Hürriyet'ten Mesut Hasan Benli'nin haberine göre, Abdallah B.’nin avukatları, Danıştay 10. Dairesi’ne başvurarak yönetmelikteki ‘adi suçlardan hükümlü olup yabancı uyrukluların...’ ibaresinin yürürlüğünün durdurulmasını ve iptalini istedi. Dilekçede, ‘aynı suçu işlemiş, aynı kanuna göre yargılanmış ve cezalandırılmış iki insana ırklarının farklı olması sebebiyle farklı infaz hükümlerinin uygulanmasının Avrupa İnsan Hakları Sözleşmesi’nin ayrımcılık yasağına aykırı olduğu’ belirtildi.
BAKANLIK SAVUNDU
Adalet Bakanlığı ise dosyaya gönderdiği savunmada, 1 Ocak 2013 - 1 Ağustos 2016 Burdur ve Erzurum Açık Ceza İnfaz kurumlarından 265 yabancı uyruklu hükümlünün firar ettiğini, bunlardan sadece 16’sının yakalandığını belirtti. Savunmada “Açık ceza infaz kurumlarından firara karşı herhangi bir engel olmadığı, firar eden yabancı uyruklu hükümlülerden yakalanan sayısının az olduğu, infazın etkin bir şekilde amacına uluşmadığı dikkate alınarak, yabancıların açık ceza infaz kurumlarına ayrılmasından, infazların etkin bir şeklide yürütülmesi için süreler açısından farklı uygulamalar belirlenmiştir” denildi.
KARAR OYBİRLİĞİYLE
Danıştay, oybirliği ile yönetmelikteki ibarenin yürürlüğünü durdurdu. Karar özetle şöyle: “İnfaz hükümlerinin uygulanmasında hükümlüler arasında ırk, milliyet veya sosyal kökten ayrım yapılması Anayasa’da güvence altına alınan ‘kanun önünde eşitlik’ ve AİHS’de yer alan ‘ayrımcılık yasağı’ ile bağdaşmayacaktır.

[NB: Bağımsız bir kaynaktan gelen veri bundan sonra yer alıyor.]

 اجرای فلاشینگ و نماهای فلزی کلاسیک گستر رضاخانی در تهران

Yabancı uyruklu kişiler yönünden ayrıksı düzenleme yapılmasının, ceza ve güvenlik tedbirlerinin infazına ilişkin kuralların hükümlülere ayırım yapılmaksızın ve kimseye ayrıcalık tanımaksızın uygulamasını temel ilke kabul eden kanun hükmüne ve Anayasa ile güvence altına alınan kanun önünde eşitlik ilkesine aykırılık oluşturduğu sonucuna varılmıştır.”

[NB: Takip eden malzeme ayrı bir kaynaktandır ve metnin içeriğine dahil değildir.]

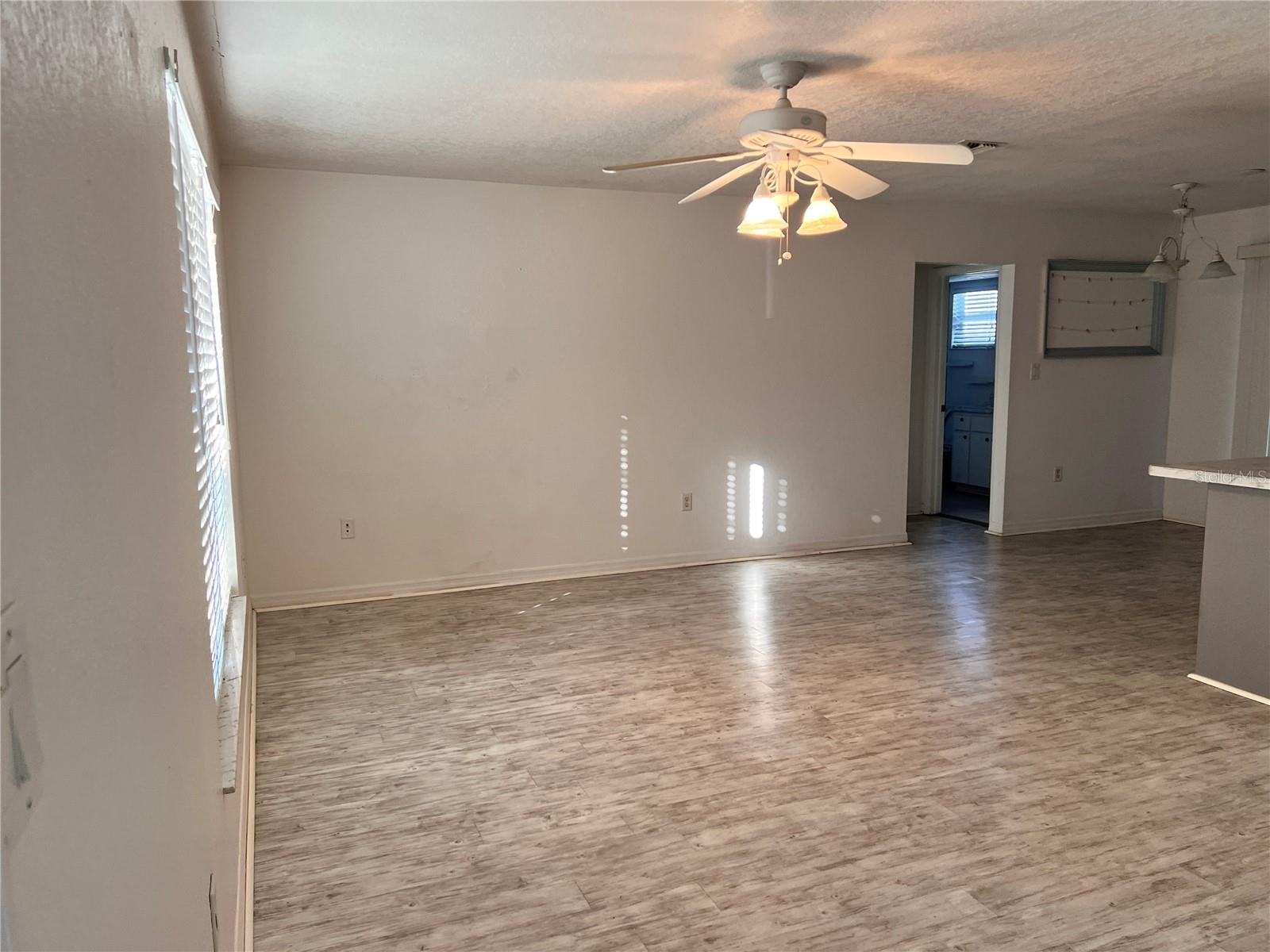 Image 5 of 18 For 3312 Vasco Street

EV İZNİ ALABİLİR YAKINLARIYLA GÖRÜŞEBİLİR
Açık ceza infaz kurumlarında bazı haklar şöyle:
Serbestçe ve dinlenmeksizin telefonla görüşebilirler.

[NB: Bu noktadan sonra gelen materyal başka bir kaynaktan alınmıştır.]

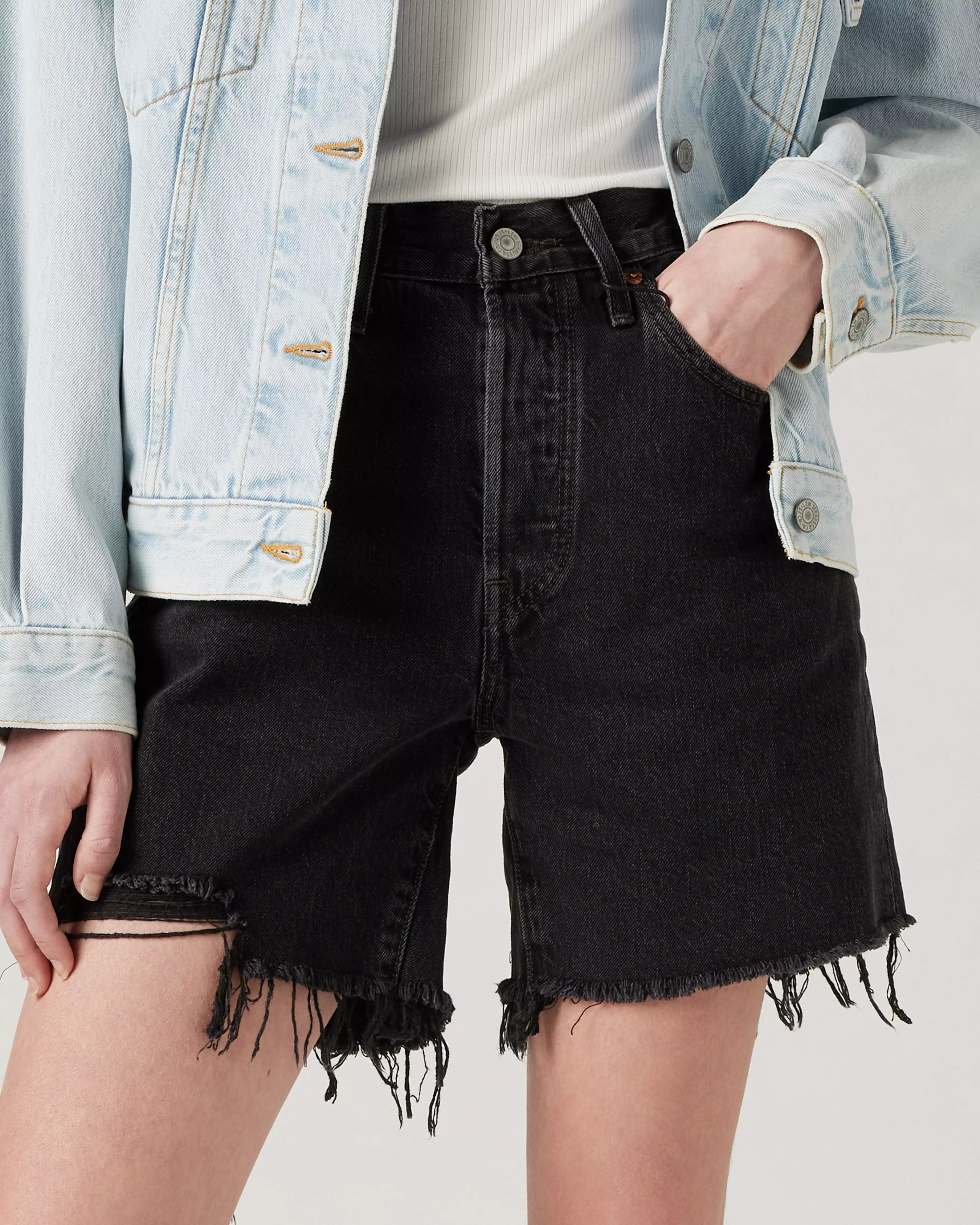 501\u00ae Mid Thigh Women's Shorts - Black | Levi's\u00ae US | Levi's US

Örgün ve yaygın eğitim kurumlarına devam edebilirler.
Cüzi de olsa bir maaş karşılığında ve sigortalı olarak çalışabilirler.
Kurum ve en üst amirin önerisi ve başsavcılığın onayı ile ev izinleri alarak aile bağlarını sürdürebilirler.